The wacky world of the early US high court

John Jay Court

John Marshall became chief justice of the United States on this date in 1801. Marshall would sit on the high court until 1835, and his opinions laid the basis for American constitutional law and made the US Supreme Court a co-equal branch of government, along with the legislative and executive branches.

But what of Marshall’s predecessors?

The best known of the three men to lead the Supreme Court before Marshall was John Jay, who, among other things, helped write the Federalist Papers with Alexander Hamilton and James Madison.

During Jay’s nearly six years as chief justice (1789-1795), the high court ruled on just four cases, rather remarkable considering today the court receives petitions to hear some 7,000 cases annually.

Jay resigned as chief justice in June 1795 after being elected governor of New York.
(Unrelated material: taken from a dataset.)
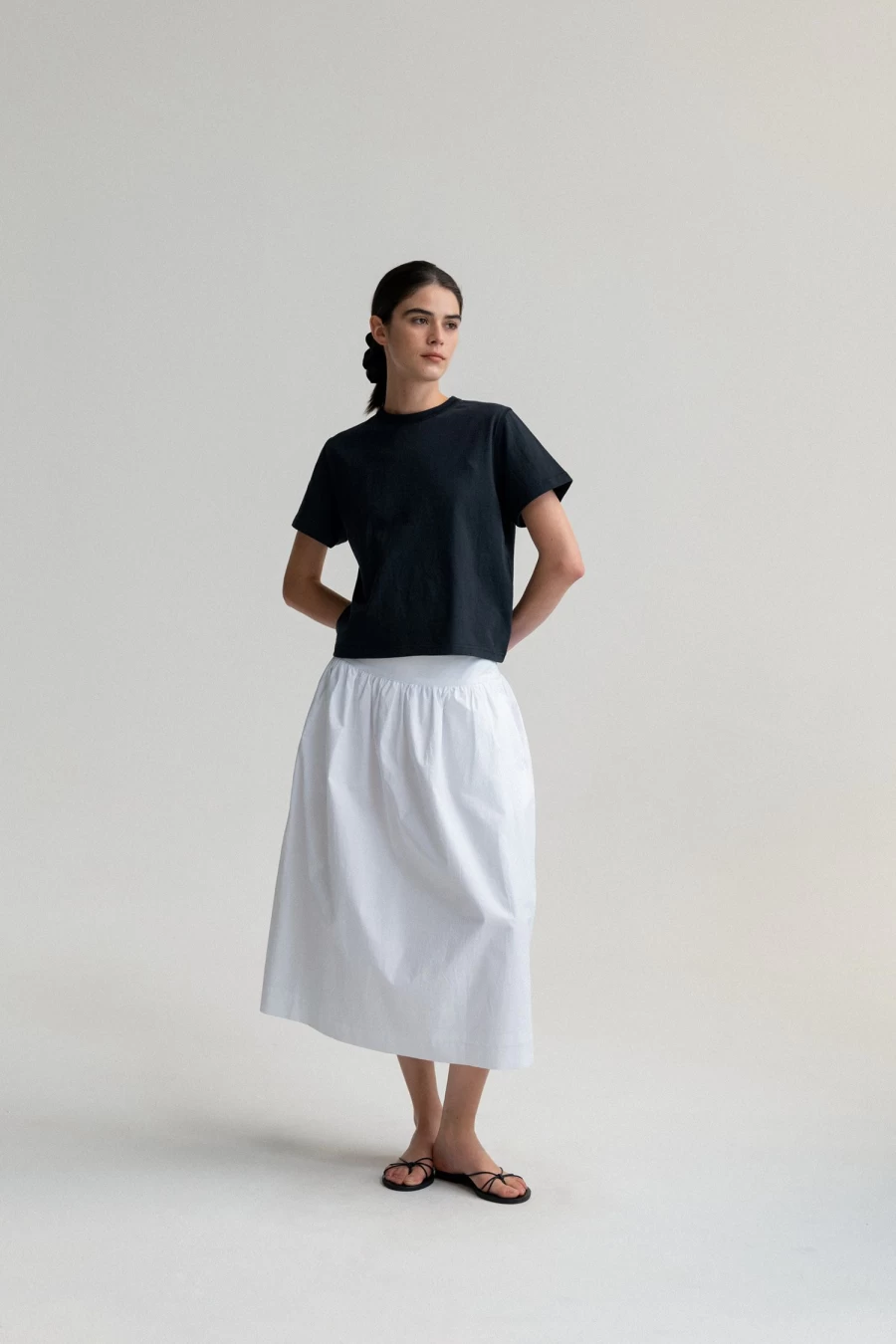 "Nothing Written Black Mori Cotton T-Shirt - 2nd Hand Vintage Style"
President George Washington named John Rutledge of South Carolina, an original high court associate justice who had resigned in 1791 to become chief justice of the South Carolina Court of Common Pleas and Sessions, to replace Jay.
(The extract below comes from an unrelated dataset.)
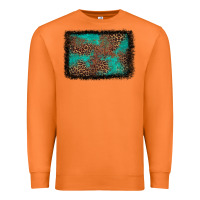 Carrot western leopard turquoise glitter tooled leather Premium Sweatshirt - FaDigitalArtStudio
Washington’s appointment took effect immediately as the US Senate was not in session.

However, Rutledge’s time on the court proved one of the shortest in the history of the nation. He was a vocal opponent to the Jay Treaty of 1794, which resolved issues remaining from the Revolutionary War but left many Americans unhappy.
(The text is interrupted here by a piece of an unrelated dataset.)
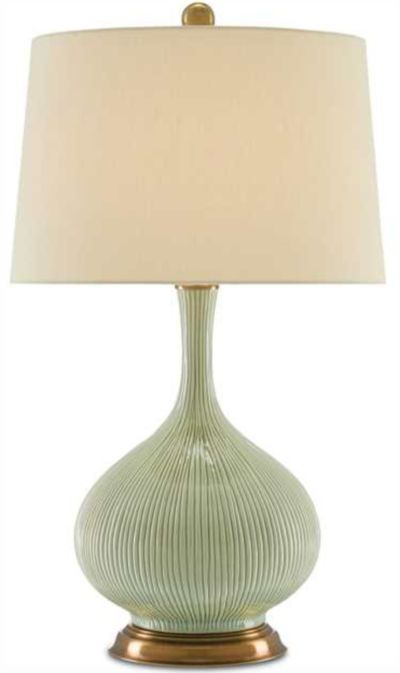 Green Table Lamp, Green Antique, Green Lamp, Estilo Country, Cfl Bulbs, Green Table, Table Lamp Design, Bedroom Lamps, Brass Table Lamps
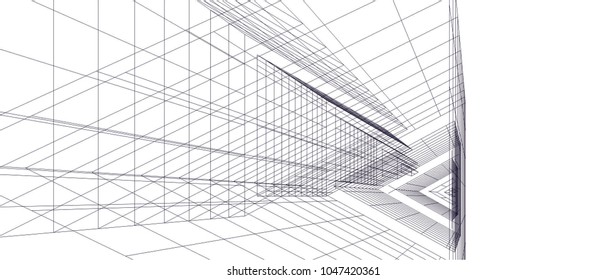 Abstract architecture background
His opposition cost him support in the administration and the senate. In addition, questions about his mental stability, driven at least partly by partisanship, were making the rounds.

The Senate rejected Rutledge’s appointment on Dec. 15, 1795, by a 14-10 vote. This remains the only time in US history the senate has rejected a Supreme Court recess appointment. Rutledge resigned from the court on Dec. 28, 1795. Just two cases had been heard during Rutledge’s tenure.

A month later, Washington nominated William Cushing for chief justice. This seemed a relatively sure bet as Cushing had served on the high court since its inception as an associate justice. However, Cushing declined the offer, though he stayed on as an associate until his death in 1810.

Finally, on March 3, 1796, Oliver Ellsworth, US senator from Connecticut, was nominated by Washington for chief justice. The next day Ellsworth was unanimously confirmed by the senate.

To further reiterate how little the early Supreme Court justices had on their plates, Ellsworth had enough free time in his first year at the helm to run for president; he came in sixth, behind John Adams, Thomas Jefferson, Thomas Pinckney, Aaron Burr and Samuel Adams, garnering 11 electoral votes.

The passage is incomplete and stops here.